An account of the religion of the Abyssins.

Yet though there is a great difference between our manners, customs, civil government, and those of the Abyssins, there is yet a much greater in points of faith; for so many errors have been introduced and ingrafted into their religion, by their ignorance, their separation from the Catholic Church, and their intercourse with Jews, Pagans, and Mohammedans, that their present religion is nothing but a kind of confused miscellany of Jewish and Mohammedan superstitions, with which they have corrupted those remnants of Christianity which they still retain.

They have, however, preserved the belief of our principal mysteries; they celebrate with a great deal of piety the passion of our Lord; they reverence the cross; they pay a great devotion to the Blessed Virgin, the angels, and the saints; they observe the festivals, and pay a strict regard to the Sunday. Every month they commemorate the assumption of the Virgin Mary, and are of opinion that no Christians beside themselves have a true sense of the greatness of the mother of God, or pay her the honours that are due to her. There are some tribes amongst them (for they are distinguished like the Jews by their tribes), among whom the crime of swearing by the name of the Virgin is punished with forfeiture of goods and even with loss of life; they are equally scrupulous of swearing by St. George. Every week they keep a feast to the honour of the apostles and angels; they come to mass with great devotion, and love to hear the word of God. They receive the sacrament often, but do not always prepare themselves by confession. Their charity to the poor may be said to exceed the proper bounds that prudence ought to set it, for it contributes to encourage great numbers of beggars, which are a great annoyance to the whole kingdom, and as I have often said, afford more exercise to a Christian's patience than his charity; for their insolence is such, that they will refuse what is offered them if it be not so much as they think proper to ask.

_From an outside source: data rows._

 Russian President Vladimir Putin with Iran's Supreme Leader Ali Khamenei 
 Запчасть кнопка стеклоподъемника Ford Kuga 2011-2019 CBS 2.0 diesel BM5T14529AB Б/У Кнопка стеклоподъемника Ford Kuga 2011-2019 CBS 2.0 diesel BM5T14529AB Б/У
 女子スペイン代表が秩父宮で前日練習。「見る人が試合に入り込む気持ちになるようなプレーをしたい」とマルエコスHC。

Though the Abyssins have not many images, they have great numbers of pictures, and perhaps pay them somewhat too high a degree of worship. The severity of their fasts is equal to that of the primitive church. In Lent they never eat till after sunset; their fasts are the more severe because milk and butter are forbidden them, and no reason or necessity whatsoever can procure them a permission to eat meat, and their country affording no fish, they live only on roots and pulse. On fast-days they never drink but at their meat, and the priests never communicate till evening, for fear of profaning them. They do not think themselves obliged to fast till they have children either married or fit to be married, which yet doth not secure them very long from these mortifications, because their youths marry at the age of ten years, and their girls younger.

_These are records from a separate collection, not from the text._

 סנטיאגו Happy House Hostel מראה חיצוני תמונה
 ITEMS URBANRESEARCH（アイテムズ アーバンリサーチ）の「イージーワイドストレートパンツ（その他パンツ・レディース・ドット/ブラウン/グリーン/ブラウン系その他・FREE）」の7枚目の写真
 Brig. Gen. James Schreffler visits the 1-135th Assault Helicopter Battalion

There is no nation where excommunication carries greater terrors than among the Abyssins, which puts it in the power of the priests to abuse this religious temper of the people, as well as the authority they receive from it, by excommunicating them, as they often do, for the least trifle in which their interest is concerned.

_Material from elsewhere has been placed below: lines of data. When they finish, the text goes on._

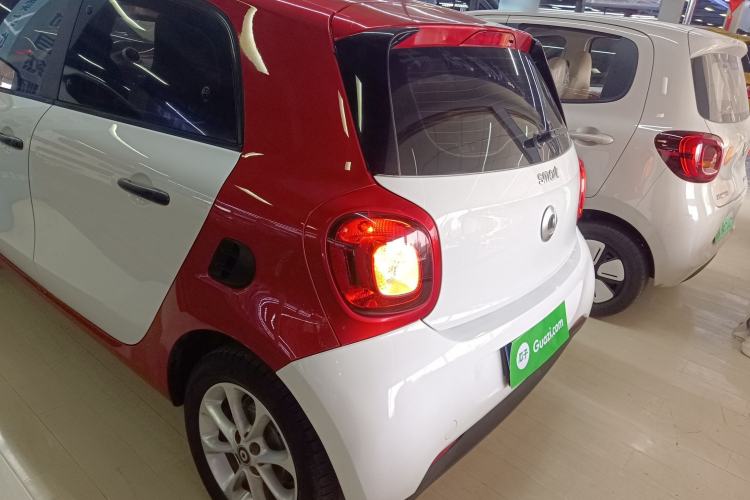 Used  forfour 2016 1.0L 52 kW Dynamic Edition
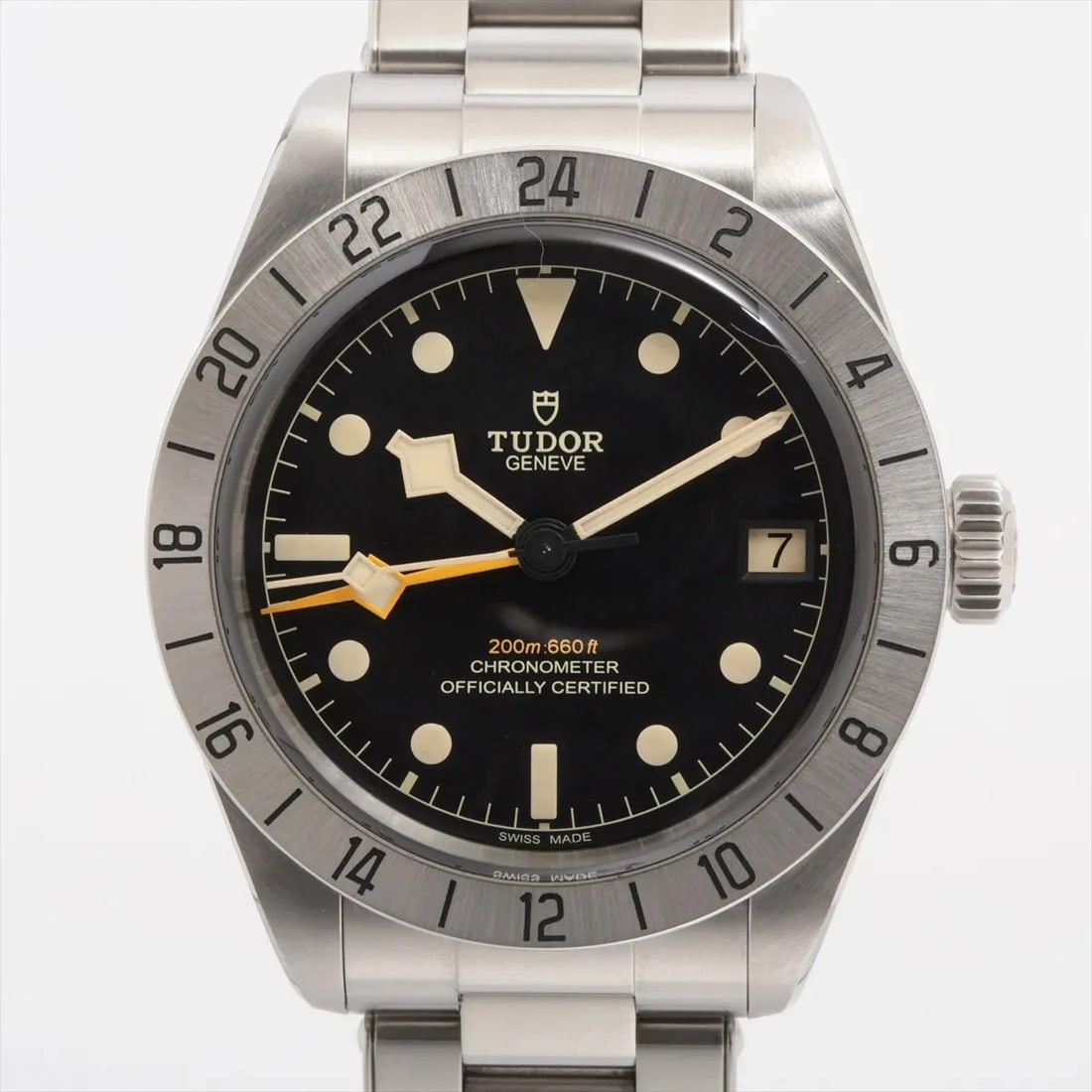 TUDOR BLACK BAY PROS SS AT BLACK DIAL WATCH: Tudor Black Bay Pros Ss At Black Dial Watch Brand: Tudor Type/Style: Wristwatch Material: SS Color: Dial Color Black Size: Case:W1.2 x H1.2inch / W39 x H39 Circumference of Wrist:7.1inch / 18 Acce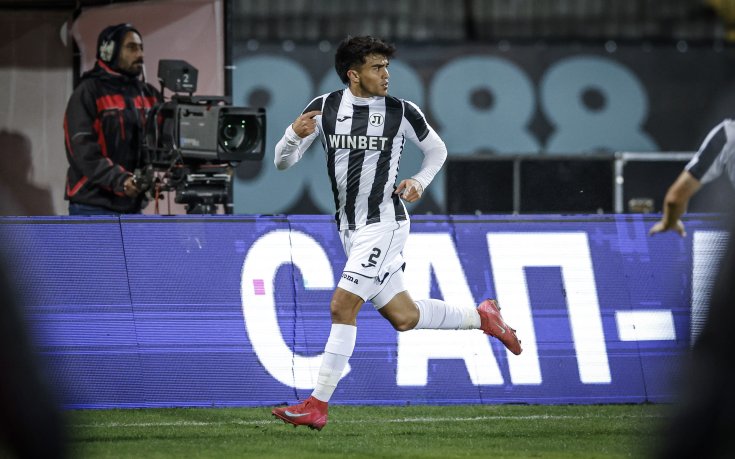 Адриан Кова: Искаме да бъдем на върха в класирането, истинска мечта е да играя за Венецуела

No country in the world is so full of churches, monasteries, and ecclesiastics as Abyssinia; it is not possible to sing in one church or monastery without being heard by another, and perhaps by several. They sing the psalms of David, of which, as well as the other parts of the Holy Scriptures, they have a very exact translation in their own language; in which, though accounted canonical, the books of the Maccabees are omitted. The instruments of music made use of in their rites of worship are little drums, which they hang about their necks, and beat with both their hands; these are carried even by their chief men, and by the gravest of their ecclesiastics. They have sticks likewise, with which they strike the ground, accompanying the blow with a motion of their whole bodies. They begin their concert by stamping their feet on the ground, and playing gently on their instruments; but when they have heated themselves by degrees, they leave off drumming, and fall to leaping, dancing, and clapping their hands, at the same time straining their voices to the utmost pitch, till at length they have no regard either to the tune or the pauses, and seem rather a riotous than a religious assembly. For this manner of worship they cite the psalm of David, "O clap your hands all ye nations." Thus they misapply the sacred writings to defend practices yet more corrupt than those I have been speaking of.

They are possessed with a strange notion that they are the only true Christians in the world; as for us, they shunned us as heretics, and were under the greatest surprise at hearing us mention the Virgin Mary with the respect which is due to her, and told us that we could not be entirely barbarians since we were acquainted with the mother of God. It plainly appears that prepossessions so strong, which receive more strength from the ignorance of the people, have very little tendency to dispose them to a reunion with the Catholic Church.

They have some opinions peculiar to themselves about purgatory, the creation of souls, and some of our mysteries. They repeat baptism every year, they retain the practice of circumcision, they observe the Sabbath, they abstain from all those sorts of flesh which are forbidden by the law. Brothers espouse the wives of their brothers, and to conclude, they observe a great number of Jewish ceremonies.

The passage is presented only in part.